Careful. One of the premises is that FP schools are getting a
disproportionate share of aid. In this context, that would mean getting more aid on average per student, not getting more overall funding. (More funding for NP would be proportionate.) From this, the author concludes that FP must have more needy students. Since this is the opinion at issue, you don't want to pick numbers that make it true. If the issue here is that we don't know whether the % needy is higher at FP than NP, then you don't want to bake that idea into your numbers. If you do, that makes the conclusion true automatically.
If you want to analyze this with numbers, it should look more like this:
FP has 100 total students, NP has 1,000 total students
FP funding = $200,000. NP funding = $1,000,000.
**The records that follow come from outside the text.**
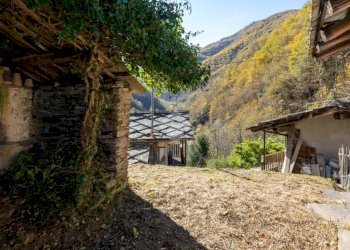 Rustico Via Garossini, Rorà - foto 18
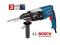 Bosch młotowiertarka GBH 2-28 DV +L-BOXX NEW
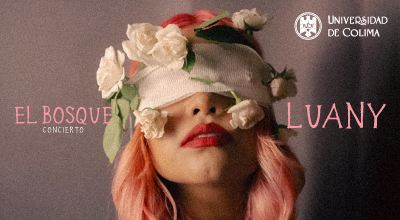 Concierto - Luany - El bosque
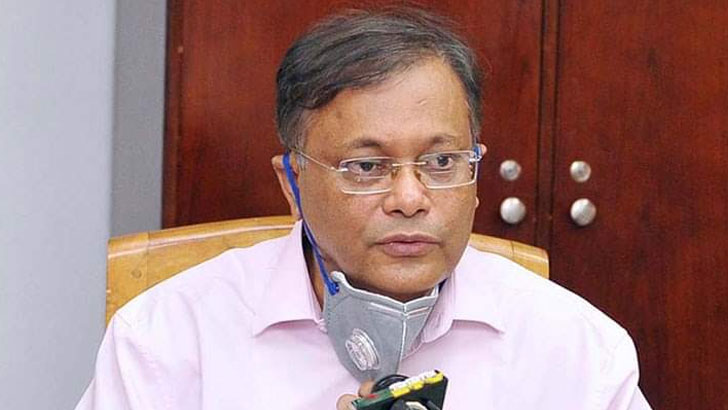 স্যোশাল মিডিয়ার সার্ভিস প্রোভাইডাররা অপব্যবহারের দায় এড়াতে পারে না : তথ্যমন্ত্রী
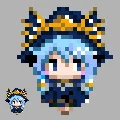 これを! 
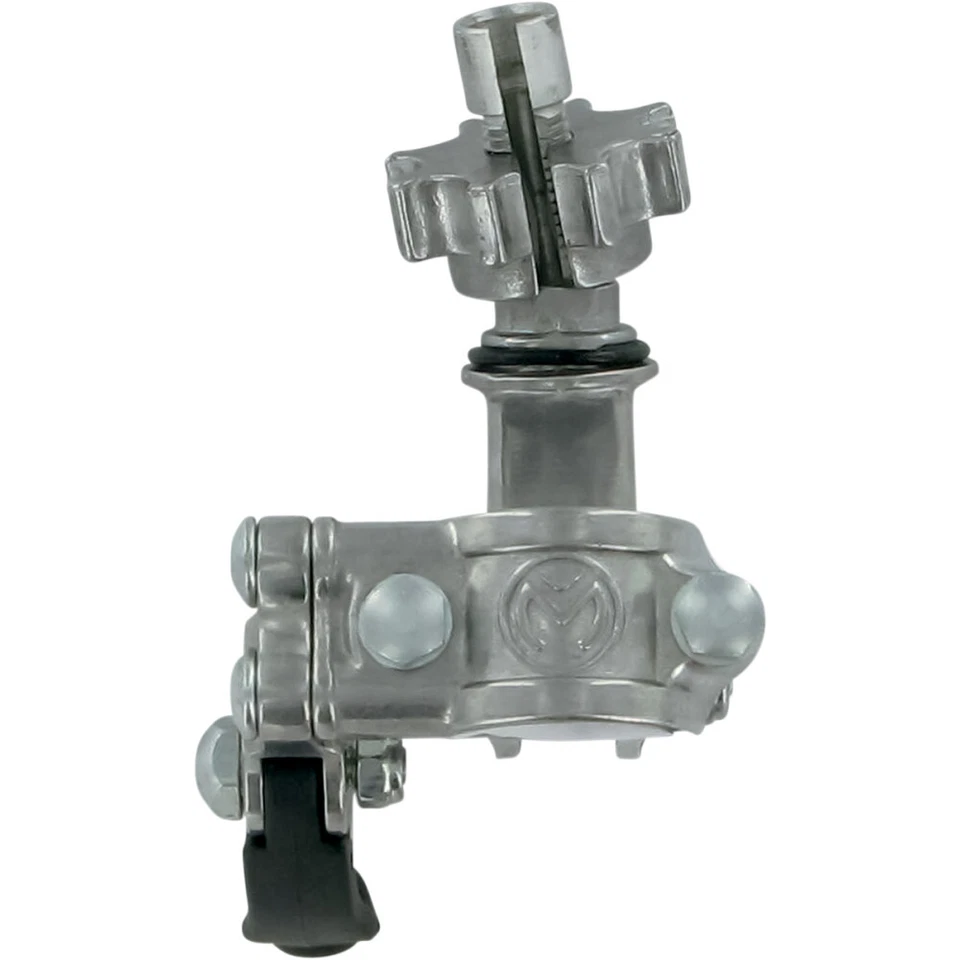 Moose Racing Polished Clutch Perch w/ Hot Start for YZF | 1RDYH47 - Image 1 of 1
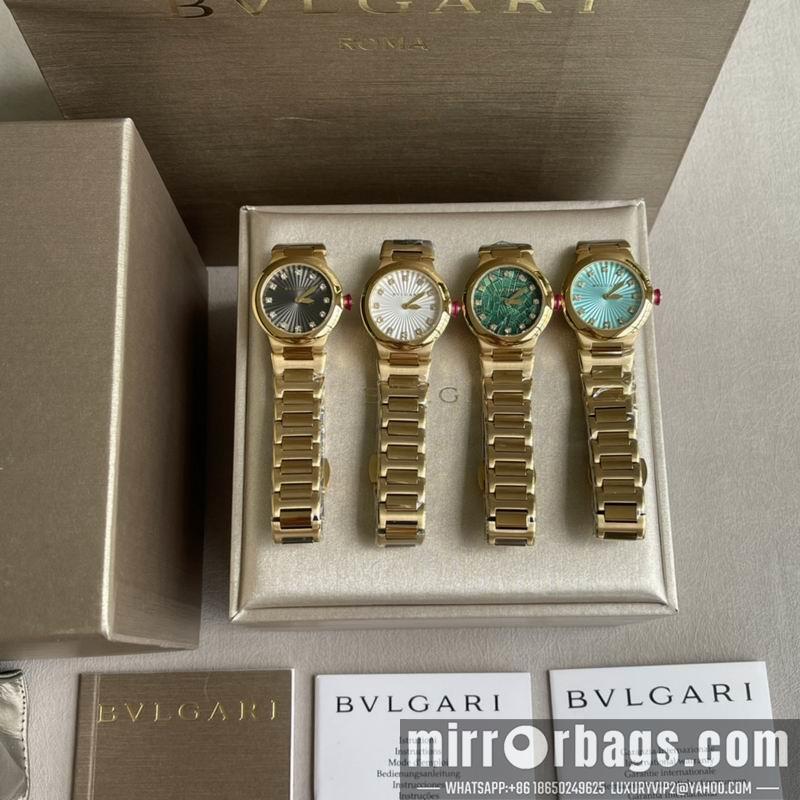 Bvlgari 28mm 082269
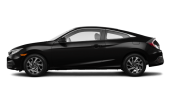 Honda Civic Coupé 2018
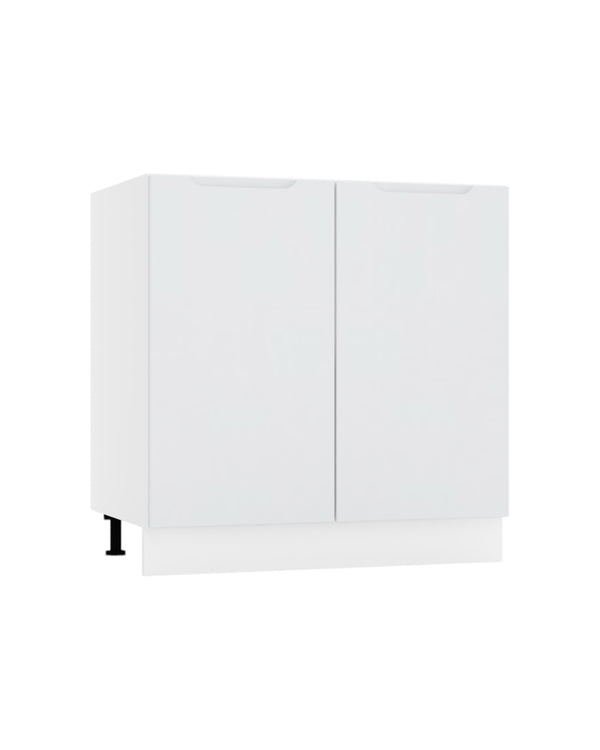 Unterschrank D80 – Zivora – Elegante Stauraum Idee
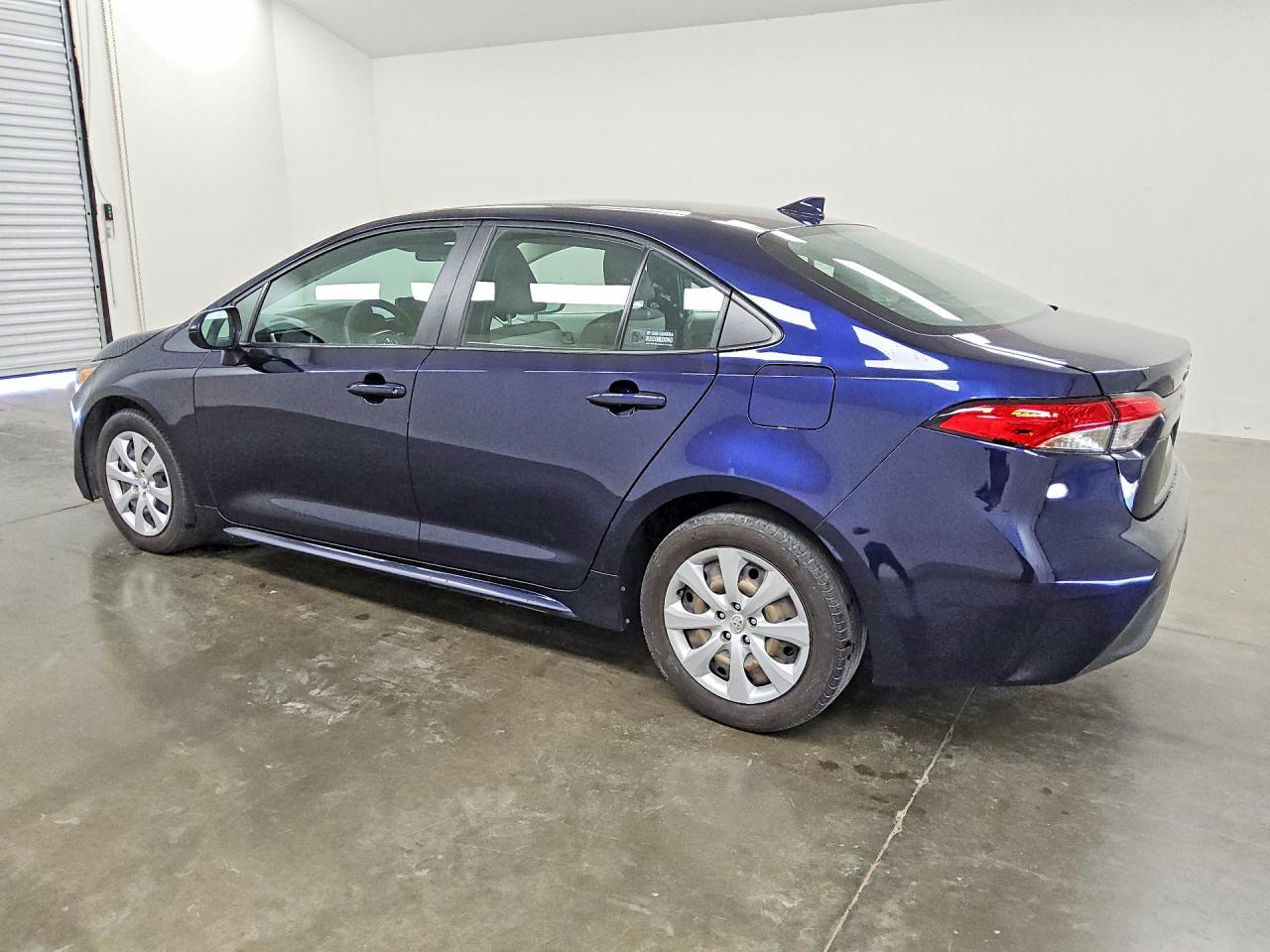 2024 TOYOTA COROLLA LE — снимка 2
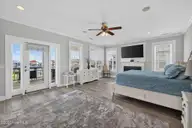 2 Clam Shell Lane Unit 7, Carolina Beach, NC 28428 — 4-bedroom waterfront condo in The Villas on Clam Shell, Carolina Beach, NC, photo 16 of 46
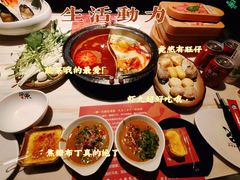 -伝承·和牛寿喜烧·放题(东营银座购物中心店)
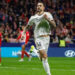 LESIÓN DE JOSELU COMPLICA AL REAL MADRID ANTES DE ENFRENTAR AL SEVILLA 7 LESIÓN DE JOSELU COMPLICA AL REAL MADRID ANTES DE ENFRENTAR AL SEVILLA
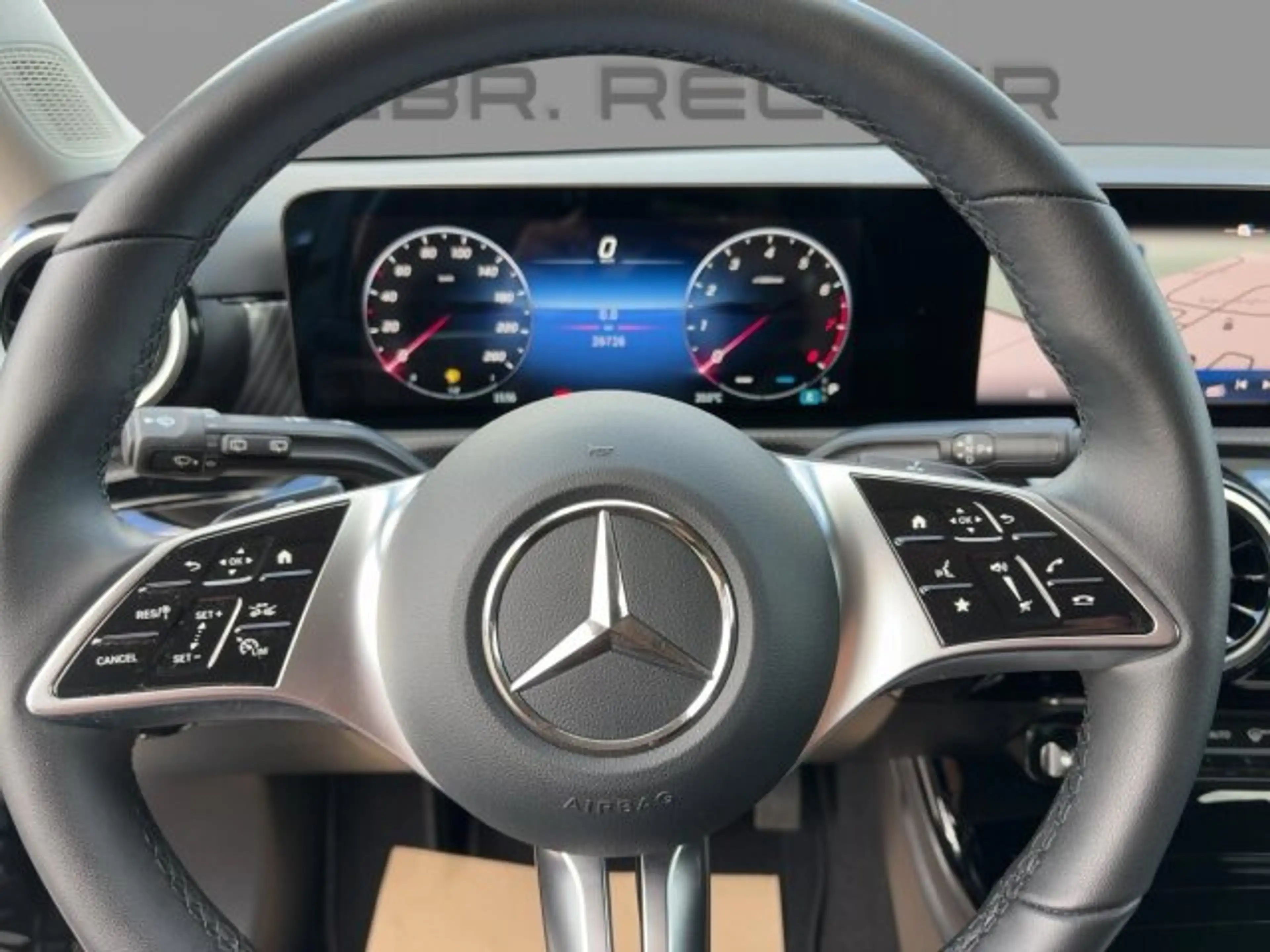 Mercedes-Benz A 200 A 200 Progressive Advanced LED Kamera Winter-Pak — photo 8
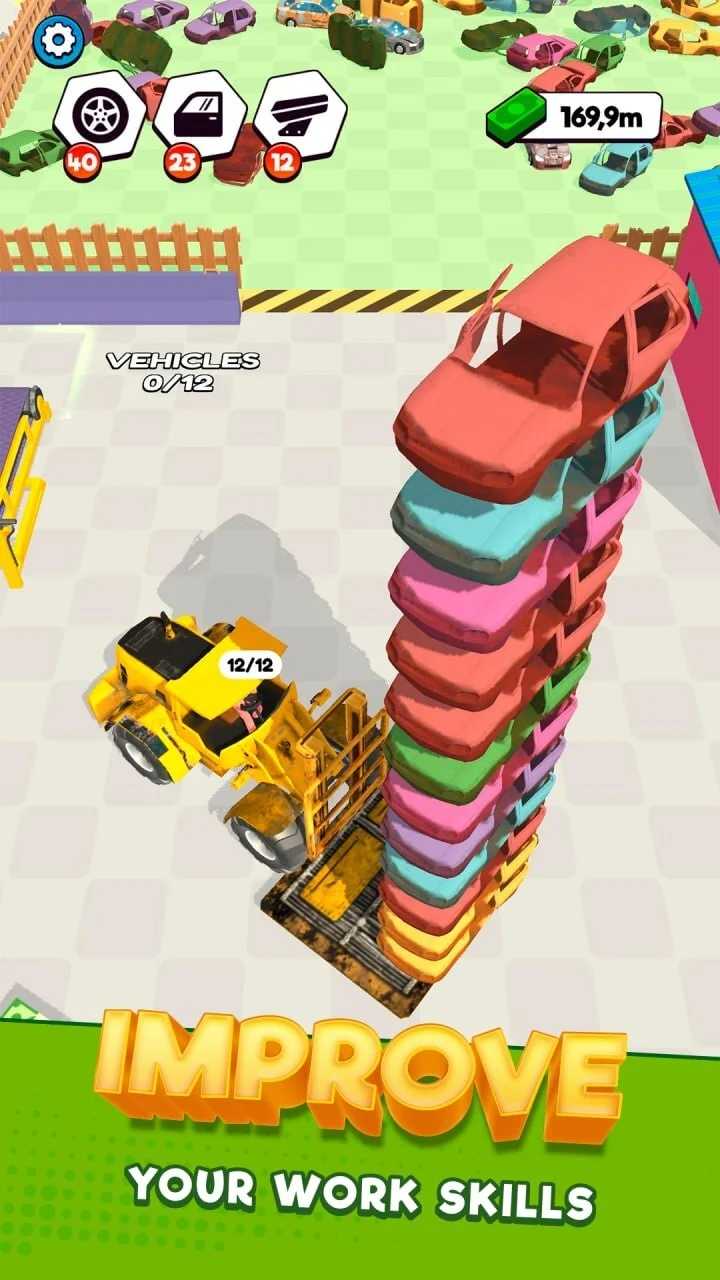 汽車?yán)鴪?chǎng)大亨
In this case, NP have 10x as many students, so they should have 10x the funding.
However, they only have 5x the funding. Why?
Author's explanation: FP have needier students.
B's explanation: FP cheat to get more $$
djangobackend
say FP = 100 total students, NP = 1000 total students
and 50% needy students in FP and 40% needy students in NP
so FP needy = 50, NP needy = 400
these numbers still doesn't resolve that why FP are getting more funding than NP even though with these numbers it looks like NP should get more funding.
whereas B - "the extent to which for-profit and non-profit colleges engage in fraudulent practices in helping their students obtain unneeded federal and state financial aid" - if frauds in FP are much higher than NP then it can explain that how that are getting so much funding, maybe they are showcasing they are needy but they don't really need the money - thats the fraud.